Exercise requirements: Print nothing except the line holding "Casa à venda com 3 quartos, 210m² - Foto 27" and the lines that come after it in the material below, and leave the pictures out.
= Beginning of Section =
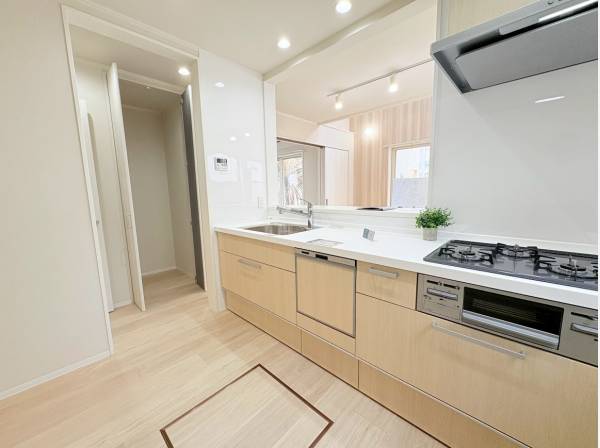 家族の顔が見える対面式キッチン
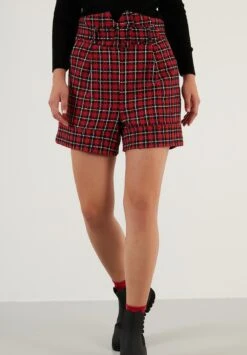 LELA Regular Fit - Shorts - Red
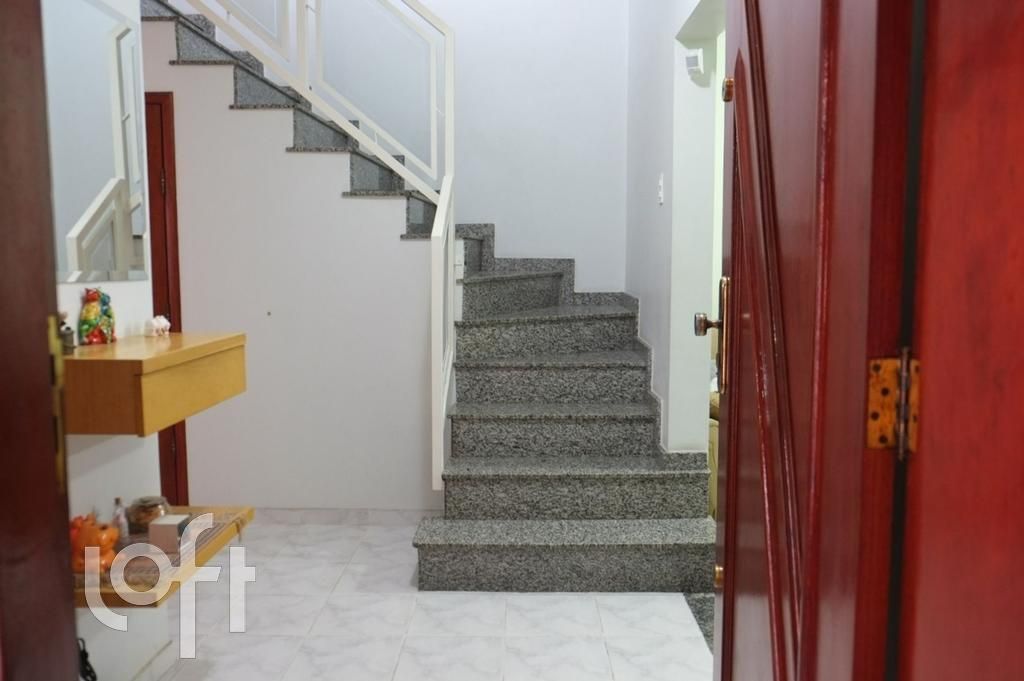 Casa à venda com 3 quartos, 210m² - Foto 27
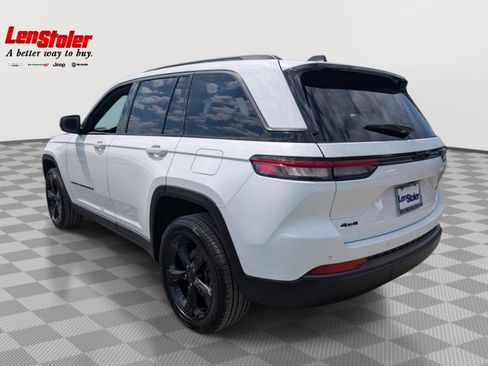 Used 2026 Jeep Grand Cherokee Limited w/ Limited Altitude Package AWD/4WD image 3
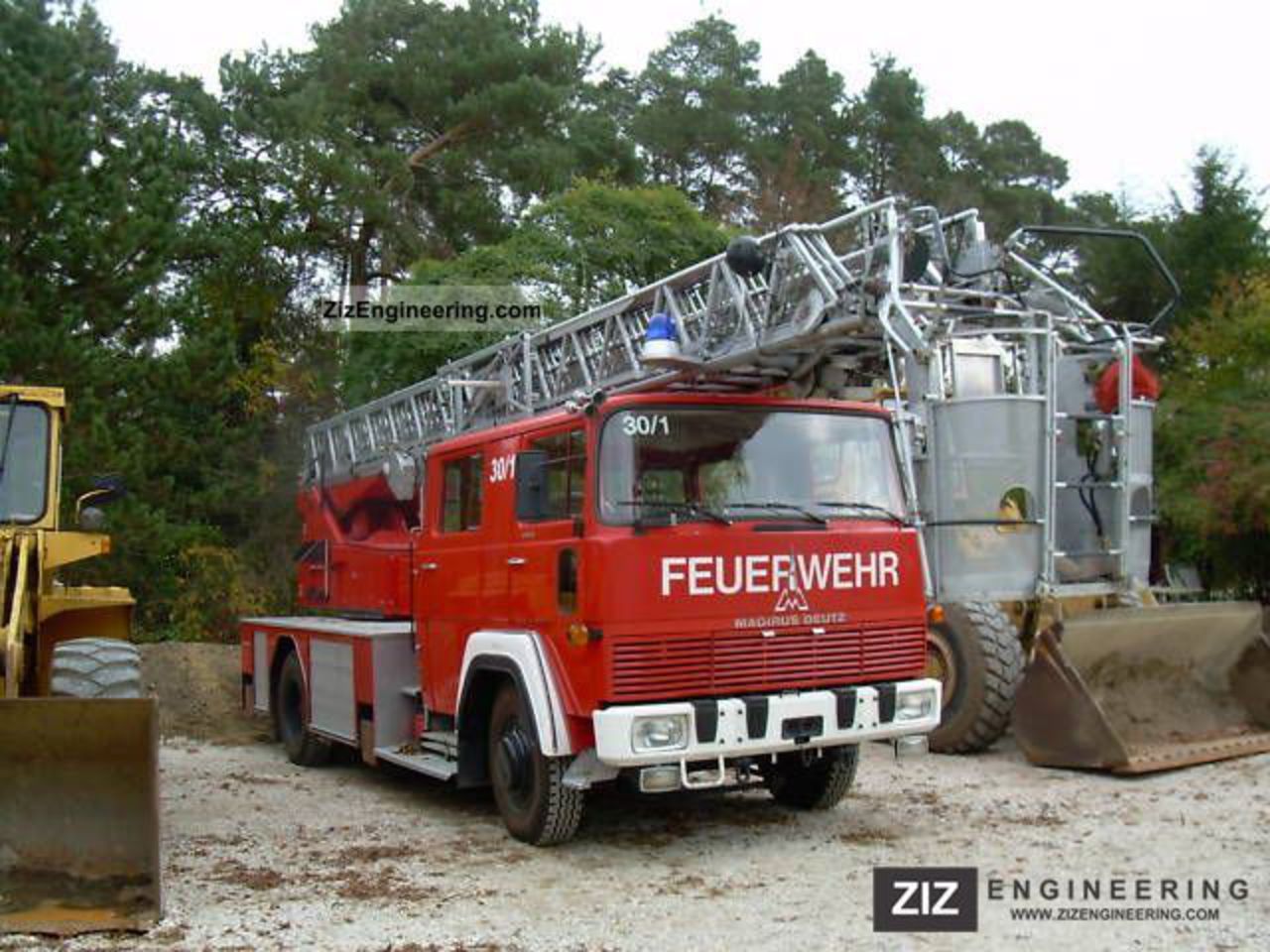 Camion de pompiers à échelle Aérienne Magirus Deutz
= End of Section =
Written reply:
 Casa à venda com 3 quartos, 210m² - Foto 27
 Used 2026 Jeep Grand Cherokee Limited w/ Limited Altitude Package AWD/4WD image 3
 Camion de pompiers à échelle Aérienne Magirus Deutz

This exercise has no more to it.